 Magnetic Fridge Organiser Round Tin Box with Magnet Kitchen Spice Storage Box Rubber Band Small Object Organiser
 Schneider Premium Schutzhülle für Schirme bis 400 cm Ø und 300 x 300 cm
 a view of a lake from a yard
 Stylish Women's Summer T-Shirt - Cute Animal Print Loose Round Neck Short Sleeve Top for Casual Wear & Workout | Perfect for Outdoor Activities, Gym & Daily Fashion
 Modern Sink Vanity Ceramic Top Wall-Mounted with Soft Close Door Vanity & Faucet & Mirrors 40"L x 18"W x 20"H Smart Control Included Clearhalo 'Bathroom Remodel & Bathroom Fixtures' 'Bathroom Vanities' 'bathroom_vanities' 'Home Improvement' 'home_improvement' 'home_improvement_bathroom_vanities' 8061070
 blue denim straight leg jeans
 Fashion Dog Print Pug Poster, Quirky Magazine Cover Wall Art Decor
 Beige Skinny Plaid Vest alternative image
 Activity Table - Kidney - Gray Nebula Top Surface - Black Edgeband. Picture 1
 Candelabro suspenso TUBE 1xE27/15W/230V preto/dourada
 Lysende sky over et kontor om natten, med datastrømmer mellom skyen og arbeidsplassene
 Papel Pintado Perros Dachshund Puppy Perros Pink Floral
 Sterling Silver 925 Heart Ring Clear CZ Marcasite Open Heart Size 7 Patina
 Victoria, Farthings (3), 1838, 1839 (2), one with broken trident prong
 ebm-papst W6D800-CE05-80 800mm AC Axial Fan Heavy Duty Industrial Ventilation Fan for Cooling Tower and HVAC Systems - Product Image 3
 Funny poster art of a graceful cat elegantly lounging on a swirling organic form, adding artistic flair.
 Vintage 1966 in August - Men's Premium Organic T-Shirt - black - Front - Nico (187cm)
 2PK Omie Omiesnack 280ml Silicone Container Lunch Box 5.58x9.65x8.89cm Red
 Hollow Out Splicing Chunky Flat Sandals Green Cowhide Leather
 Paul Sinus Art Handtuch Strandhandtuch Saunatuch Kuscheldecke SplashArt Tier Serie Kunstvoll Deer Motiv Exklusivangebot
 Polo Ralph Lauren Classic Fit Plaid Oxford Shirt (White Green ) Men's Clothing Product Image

##########

Task directions –
Word for word, quote the lines of the material from the first line through the line with "a view of a lake from a yard", both ends included.

Your solution –
 Magnetic Fridge Organiser Round Tin Box with Magnet Kitchen Spice Storage Box Rubber Band Small Object Organiser
 Schneider Premium Schutzhülle für Schirme bis 400 cm Ø und 300 x 300 cm
 a view of a lake from a yard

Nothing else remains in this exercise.